En estos relatos se encuentran algunas de las reflexiones de estos funcionarios de la rama judicial que en ocasiones hacen de todo menos la labor para la cual se prepararon, por la que el Estado les paga.
Uno de los funcionarios entrevistados describe de manera muy efectiva, la encrucijada en la que se encuentran los funcionarios de la justicia que reclaman garantías para hacer su trabajo:
“Como ve, en esta parte del país la situación no es fácil para la justicia. Por eso es que los jueces tratan de acomodarse como mejor pueden al contexto en el cual les toca vivir y ejercer. Las amenazas y las dificultades para investigar, hacen que los jueces hagan lo mínimo, con tal de no asumir riesgos excesivos, con tal de salvar el pellejo. Es natural, ¿qué otra cosa se les puede pedir? ¿Que sean héroes? No. Por eso, porque se acomodan, todo parece funcionar como si estuviéramos en situación de normalidad.

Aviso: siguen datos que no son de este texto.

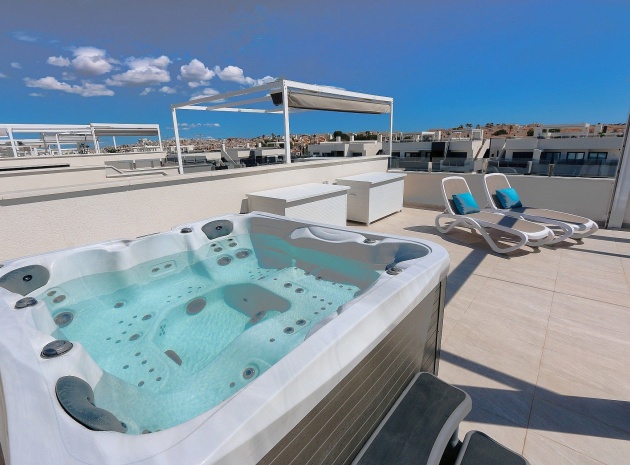 Resale - Apartment - Los Altos - Res. El Amanecer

Sobre todo en Bogotá creen eso. Nadie habla de la capacidad de los actores armados para neutralizar la labor de la justicia. Nadie se atreve a decir que la justicia se dedica sobre todo a hacer memoriales inútiles para luego archivarlos. Todos nos acostumbramos a no producir resultados y nos lavamos las manos con tal de que tengamos trabajo y de que los sueldos sigan siendo girados en nuestras cuentas. Es triste”, dice un fiscal nariñense, el protagonista en la historia titulada ‘La Justicia en medio de la guerra’.